Head-Jolt sign: This is about 99% sensitive and 50% specific for meningitis. Have patients rapidly turn their head side to side. If it doesn’t hurt or they have to do it twice, make sure they don’t have meningitis. I will often grab their head and do it for them, but first definitely explain what I am doing to family members.
Eyes-Red eyes: Consensual photophobia or limbal flush suggests iritis or keratitis rather than conjunctivitis.
Pulmonary exam: Demonstrating how you want them to breathe and having them breathe more rapidly in and out is quicker and more sensitive for abnormal lung sounds. If you think you hear consolation when performing lung exam, ask a yes or no question. This can help continue your history, speed up your exam, and identify a pneumonia (a sort of modified egophony). After that and the end of an exhale, tell them to stop breathing and stick out their tongue (if no mask) while you listen to the heart with your stethoscope closer to the heart and without interference from lung sounds or, worse yet, speech. Bonus: Look at their tongue for hydration status.
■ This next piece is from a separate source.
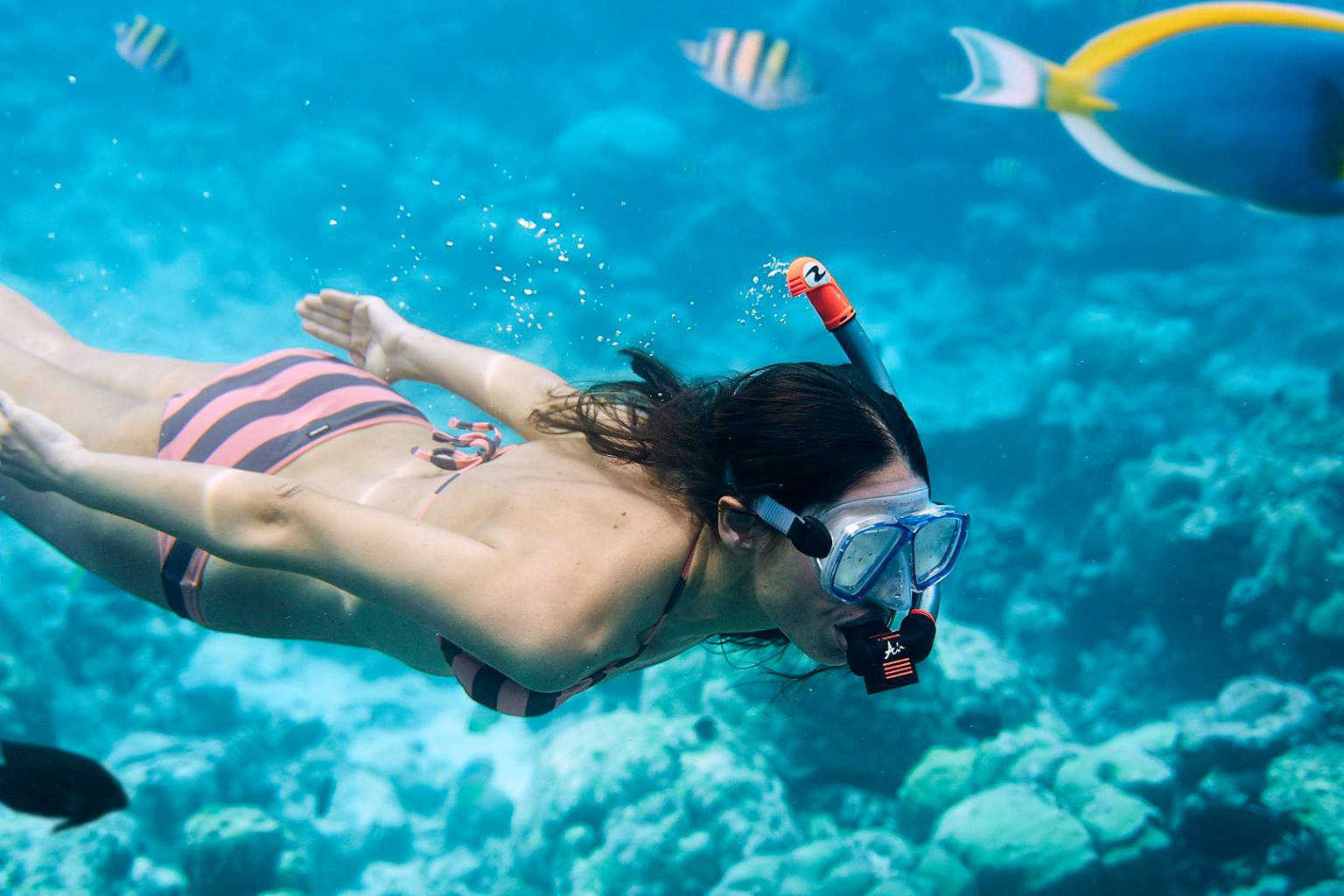 新鲁滨逊努努 - 潜水及水上运动图片2 - Robinson Club Noonu Diving&Water Sports Photo 2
Vascular-Pulses in the feet: Comparing pedal pulses is critical when there is a possibility of a knee dislocation, an aortic dissection, or acute limb ischemia, all of which can be sneaky and time-sensitive. Popliteal arterial injuries often are diagnosed late due to severe leg pain or spontaneous knee reduction. Aortic dissection rarely extends into an arm but almost always extends into a leg. Acute limb ischemia can mimic DVT, sciatica, or even a stroke.
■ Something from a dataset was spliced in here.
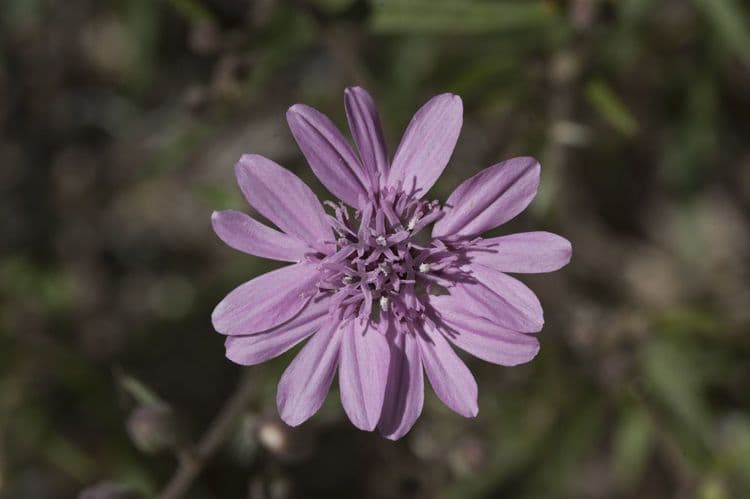 Othake Palafoxia 2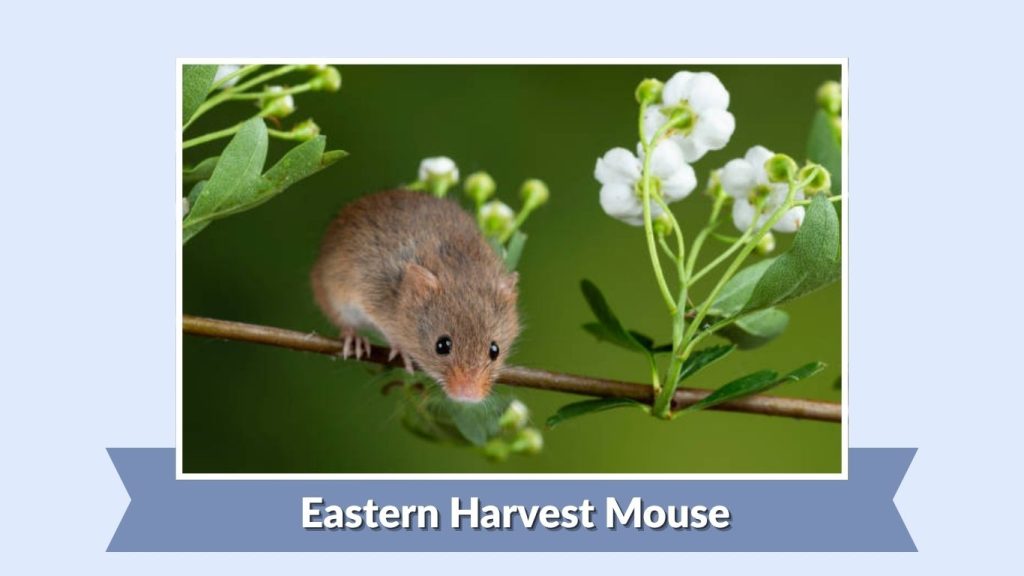 Eastern Harvest Mouse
Ortho-Pain location: Have them touch the exact spot that hurts the most. Without this and a confirmatory exam, you may end up imaging the wrong part of the spine or extremity. If you are lucky, it will only cause a delay; if you are not, it can cause a disaster. I have seen many misses or near misses due to this.
Ortho-Arm/hand neuro exam:
Have the patient make an OK sign with the wrist in dorsiflexion and third fourth and fifth fingers spread apart. This allows you to evaluate the median (C5-8), ulnar (C8-T1), and radial nerves (C6-C8) in a five-second motor exam.